- [What the task requires]: From the first line to the last, print the records exactly, leaving out the pictures.

- [Data records]:
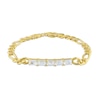 Thumbnail Image 1 of Octagonal White Lab-Created Sapphire Five Stone Bracelet in Sterling Silver with 18K Gold Plate - 7.25"
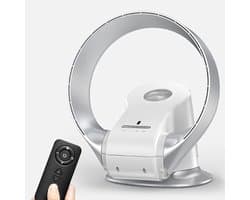 Bladloze Wandventilator - Stille Staande Ventilator - Verkoeling Thuis - Eenvoudig te Reinigen - 26W - Zilver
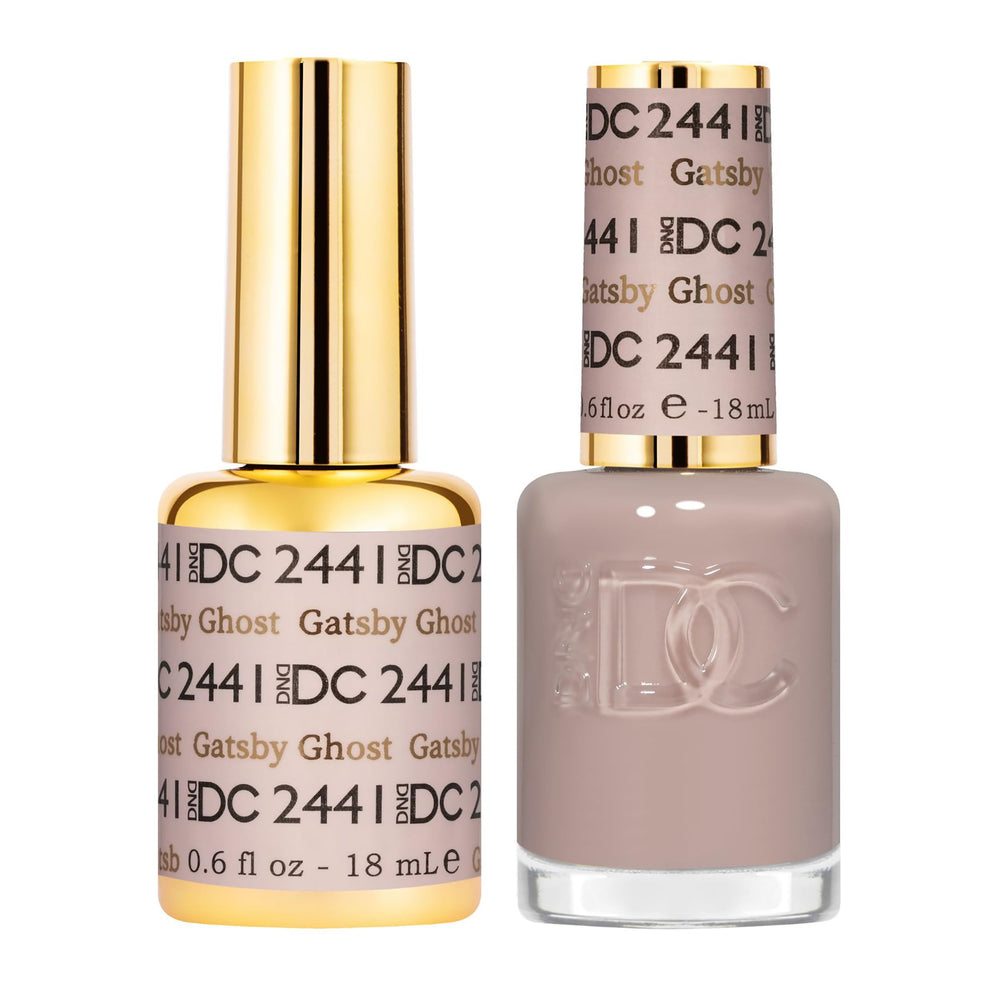 DAISY DND Gatsby Ghost gel bottle shows a sheer color option.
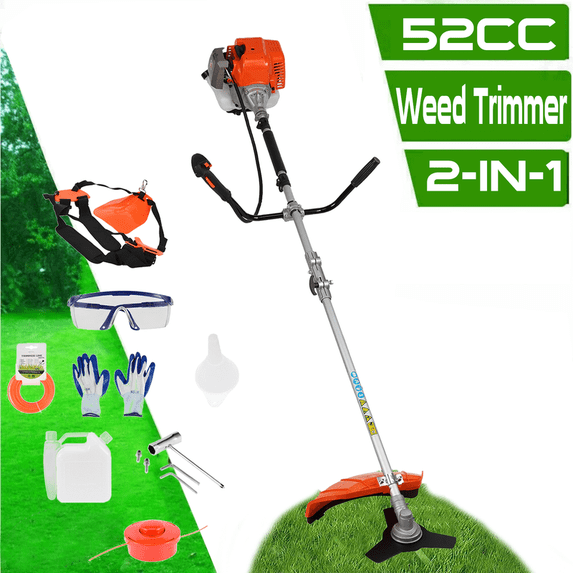 Floseru Gas Weed Wacker Cordless 2 in 1 String Trimmer, 52cc 2 Cycle Weed Eater with Anti-Slip Handle Brush Cutter Garden Tools Edger Lawn Tool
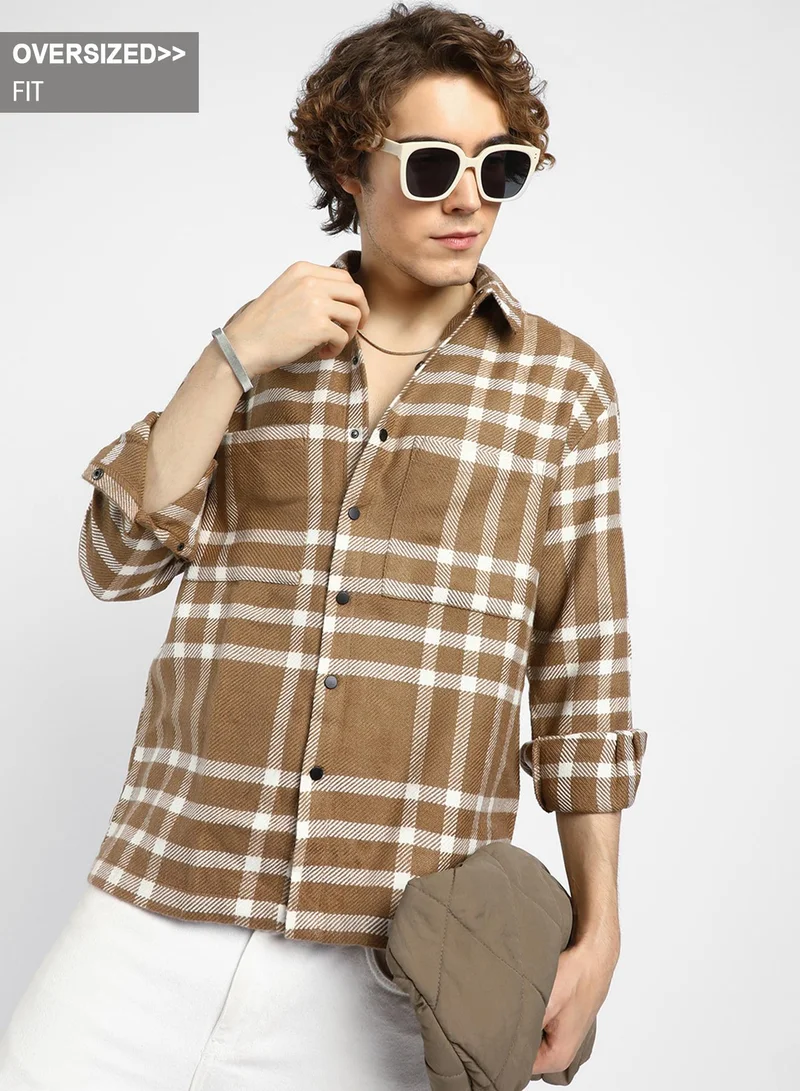 Campus Sutra Men's Ash Brown Checkered Utility Overshirt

- [Answer box]:
 Thumbnail Image 1 of Octagonal White Lab-Created Sapphire Five Stone Bracelet in Sterling Silver with 18K Gold Plate - 7.25"
 Bladloze Wandventilator - Stille Staande Ventilator - Verkoeling Thuis - Eenvoudig te Reinigen - 26W - Zilver
 DAISY DND Gatsby Ghost gel bottle shows a sheer color option.
 Floseru Gas Weed Wacker Cordless 2 in 1 String Trimmer, 52cc 2 Cycle Weed Eater with Anti-Slip Handle Brush Cutter Garden Tools Edger Lawn Tool
 Campus Sutra Men's Ash Brown Checkered Utility Overshirt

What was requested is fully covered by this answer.